ABOUT THIS TASK.
Skip the pictures and write out, word for word, the lines below from the one with "Shareef and Ranner" through the one with "Audrey Hepburn Country", inclusive.

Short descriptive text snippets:
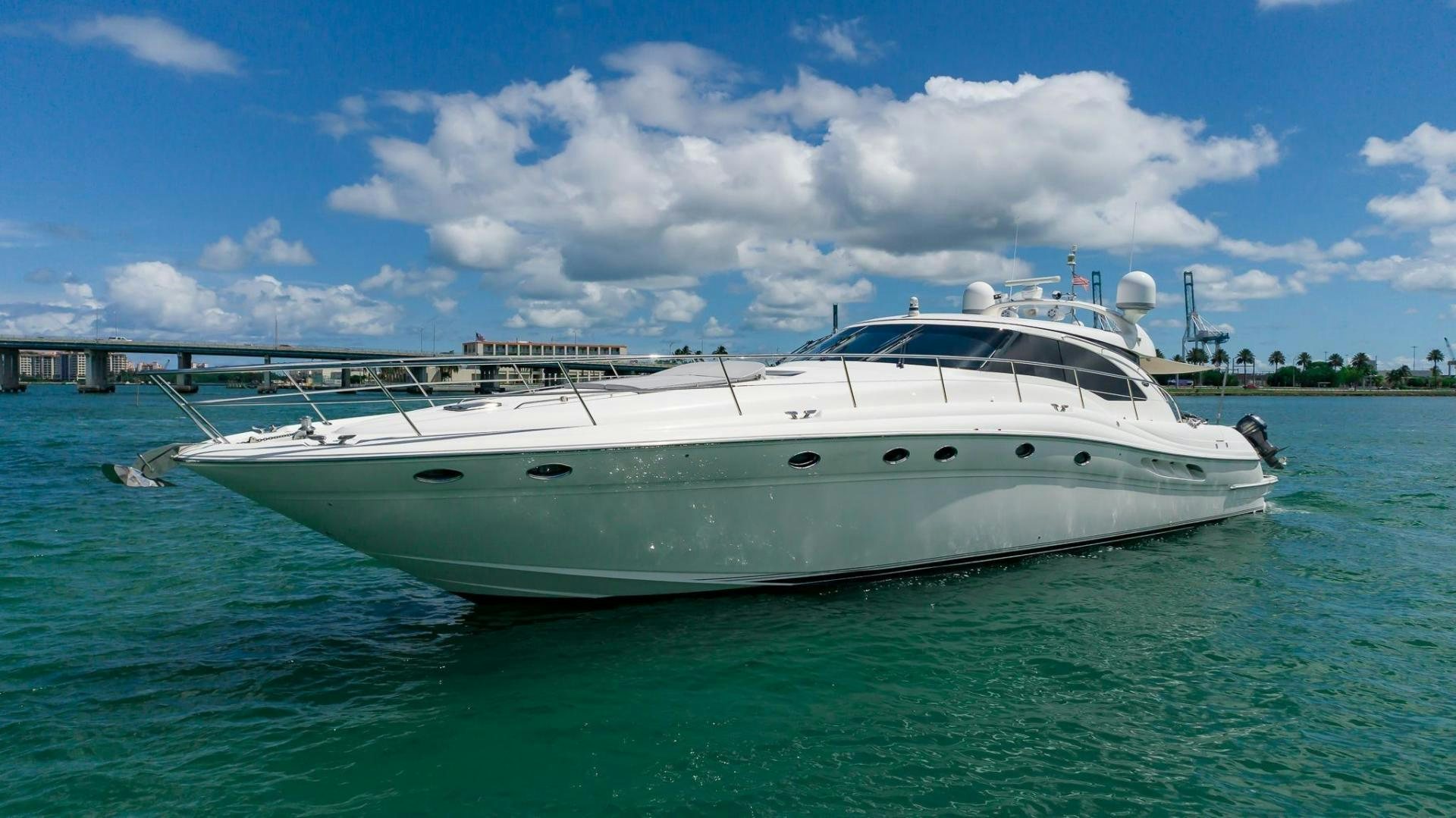 a white boat in the water aboard XANADU Yacht for Sale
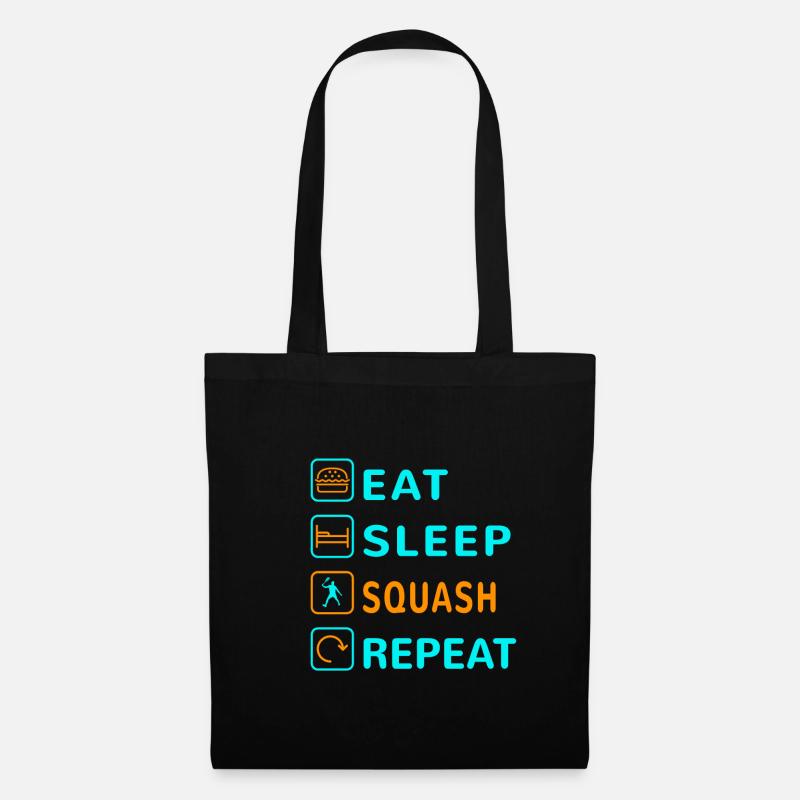 Eat. Sleep. Squash. Repeat Design - Tote Bag - black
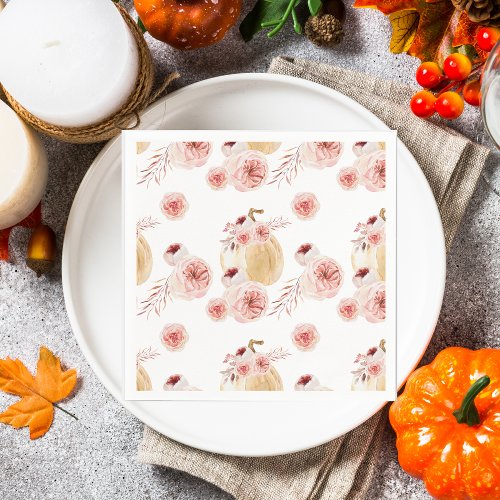 Trendy Watercolor Pumpkin  Flowers  Autumn Fall Napkins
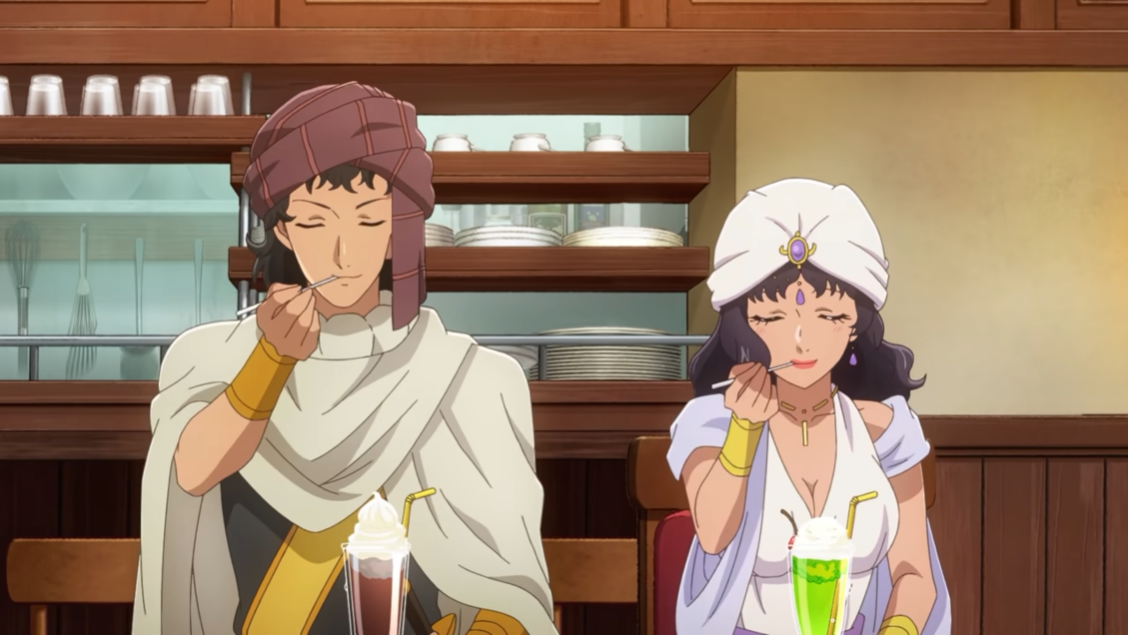 Shareef and Ranner enjoy a taste of their frozen ice cream desserts in a scene from the upcoming Restaurant to Another World 2 TV anime.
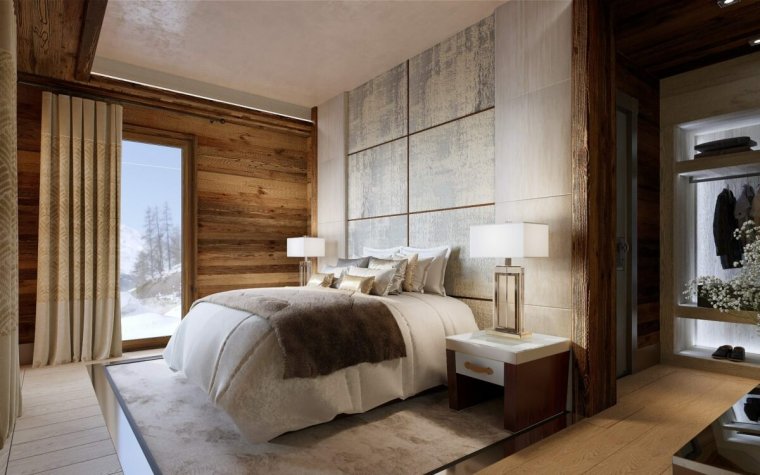 Спальня в стиле Шале с гардеробной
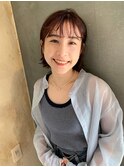 外ハネボブ/切りっぱなしボブ/ニュアンスカラーシースルーバング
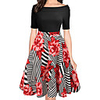 Audrey Hepburn Country Girl Dresses Retro Vintage 1950s Wasp-Waisted Rockabilly Dress Women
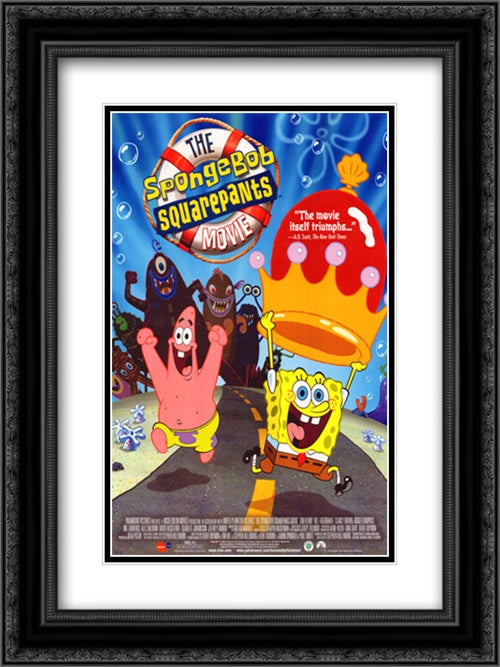 SpongeBob SquarePants Movie 18x24 Black Ornate Wood Framed Movie Poster with Double Matting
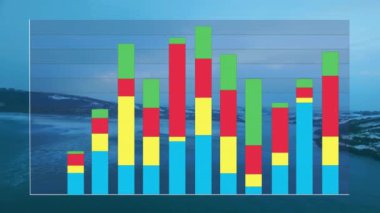 Mavi gökyüzü ve suyla huzurlu kıyı manzarasının bar haritası. Veri, analitik, grafik, doğa, dinginlik, kıyı şeridi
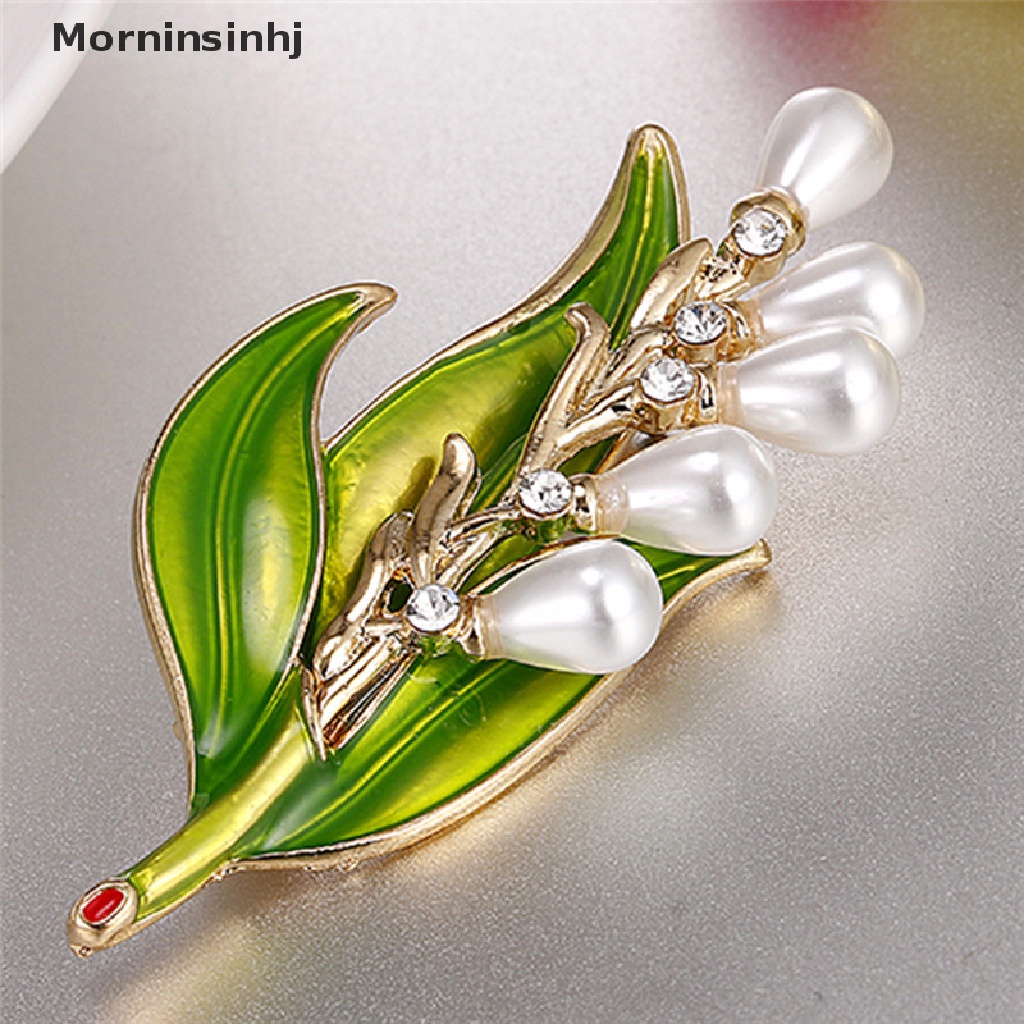 Mornin Enamel Mutiara Daun Bros Berlian Imitasi Kristal Bros Pin Lady Kerah Perhiasan Baru id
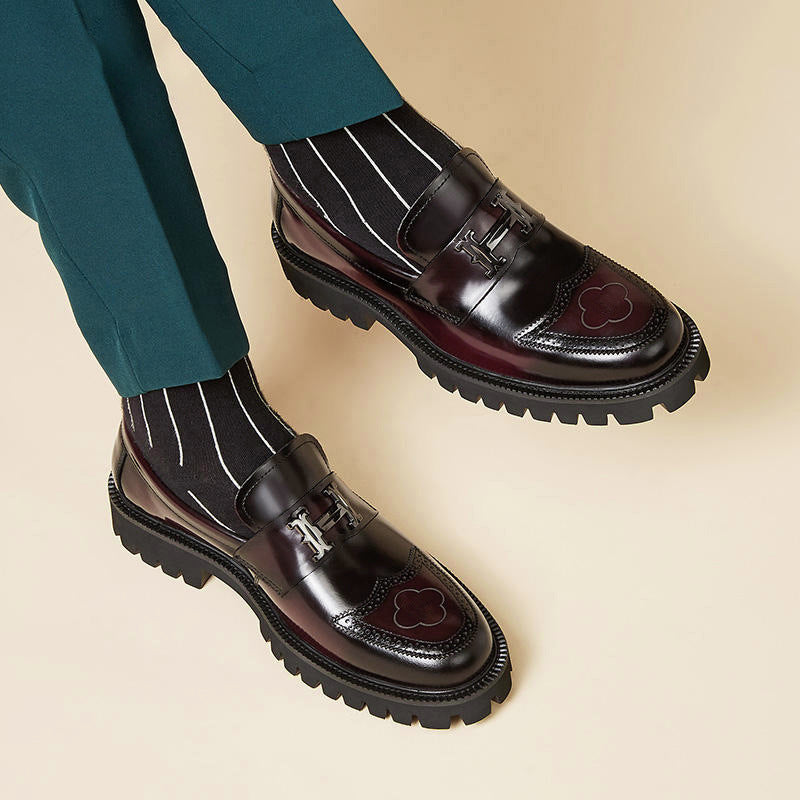 Slit Beads Matte Craft Leather Shoes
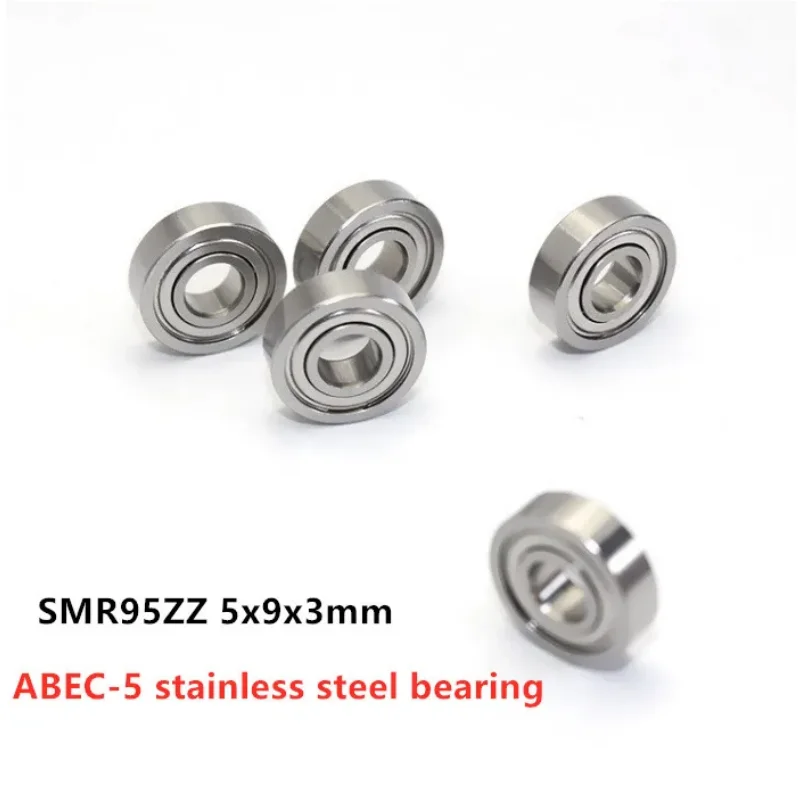 50pcs ABEC-5 SMR95ZZ 5x9x3 mm DDL-950ZZ  stainless steel miniature ball bearing SMR95 -2Z 5*9*3mm model bearings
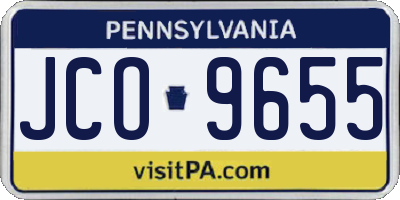 PA license plate JCO9655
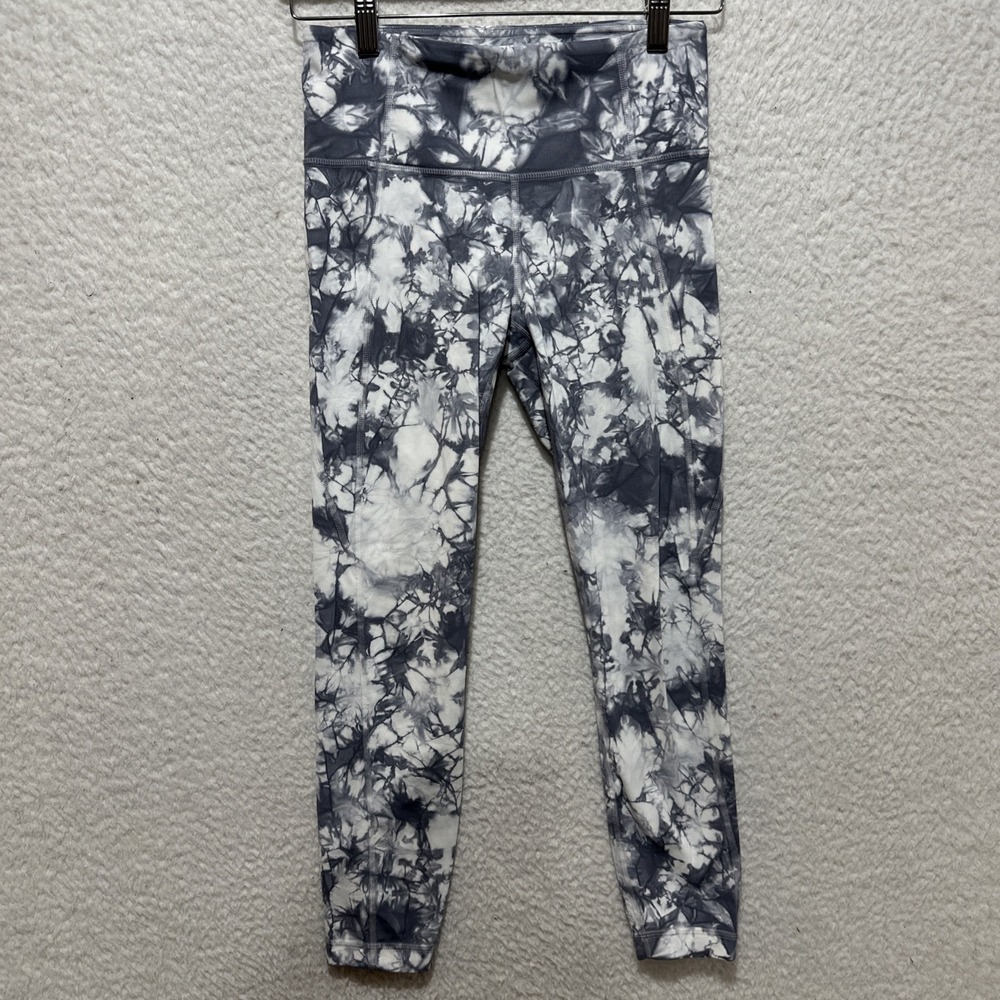 Athleta Leggings Women's Size S Gray White Tie Dye Logo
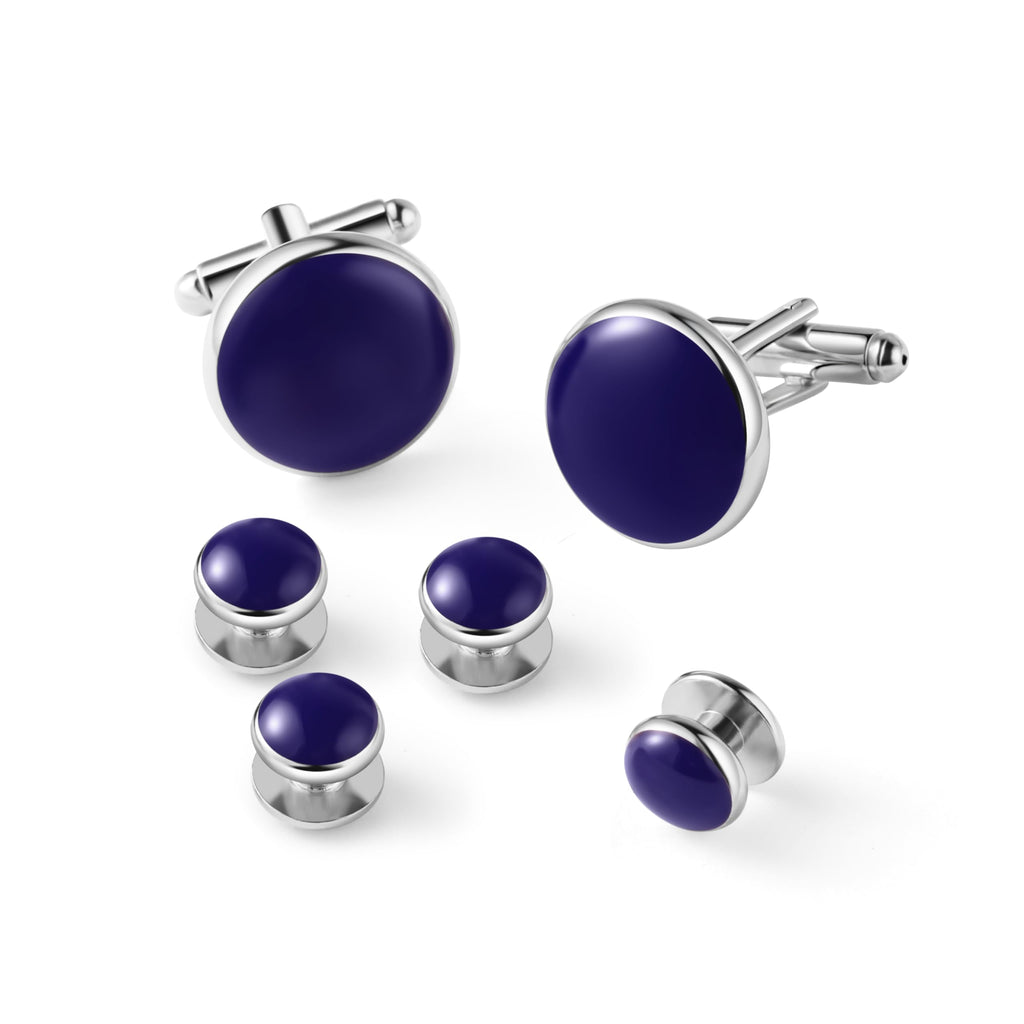 Men's Cufflinks & Tuxedo Studs Set - 316L Stainless Steel Formal Wedding Jewelry, Groomsmen Gift Set with Gift Box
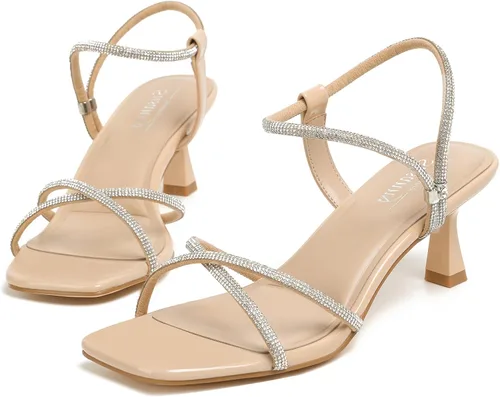 Vista 23 de Susanny - Zapatos de tacón bajo con strass para mujer, con punta puntiaguda, de tacón kitten, con cierre, ajustables, con correa, para vestido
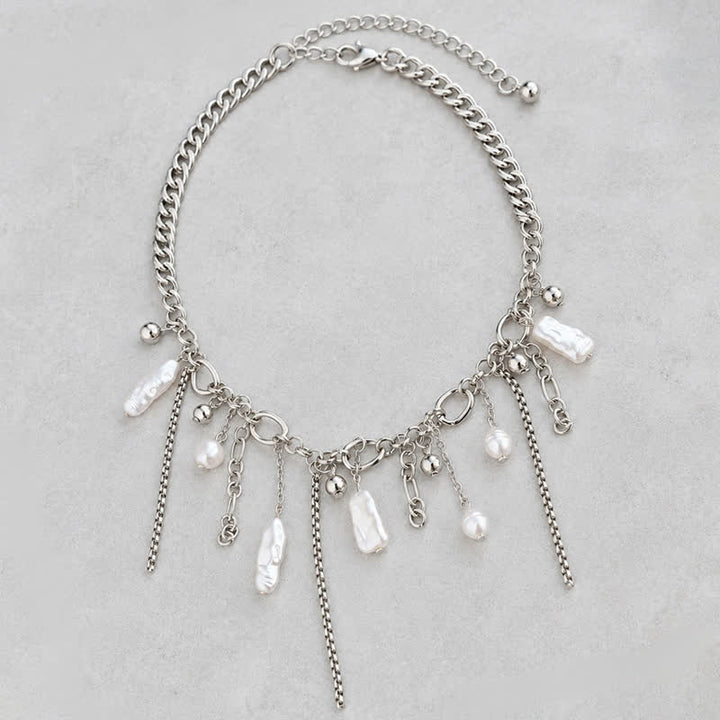 Olivenorma Whimsigoth Baroque Layered Tassel Imitation Pearl & Metal Chain Necklace - image 9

SOLUTION TO THE PROBLEM.
 Shareef and Ranner enjoy a taste of their frozen ice cream desserts in a scene from the upcoming Restaurant to Another World 2 TV anime.
 Спальня в стиле Шале с гардеробной
 外ハネボブ/切りっぱなしボブ/ニュアンスカラーシースルーバング
 Audrey Hepburn Country Girl Dresses Retro Vintage 1950s Wasp-Waisted Rockabilly Dress Women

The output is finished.